◆ TASK PROMPT
Everything from the line with "Laurel, NY 11948" to the final line of the records should be reproduced word for word, with both of those lines kept.

◆ WORKING DATA

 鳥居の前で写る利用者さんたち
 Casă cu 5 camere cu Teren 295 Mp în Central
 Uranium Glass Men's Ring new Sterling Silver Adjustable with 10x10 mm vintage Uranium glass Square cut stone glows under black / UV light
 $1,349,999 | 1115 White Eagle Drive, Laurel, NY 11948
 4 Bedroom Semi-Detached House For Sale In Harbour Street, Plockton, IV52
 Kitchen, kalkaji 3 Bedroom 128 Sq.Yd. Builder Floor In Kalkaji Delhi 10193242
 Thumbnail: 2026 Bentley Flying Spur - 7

◆ ANSWER FOR THE TASK
 $1,349,999 | 1115 White Eagle Drive, Laurel, NY 11948
 4 Bedroom Semi-Detached House For Sale In Harbour Street, Plockton, IV52
 Kitchen, kalkaji 3 Bedroom 128 Sq.Yd. Builder Floor In Kalkaji Delhi 10193242
 Thumbnail: 2026 Bentley Flying Spur - 7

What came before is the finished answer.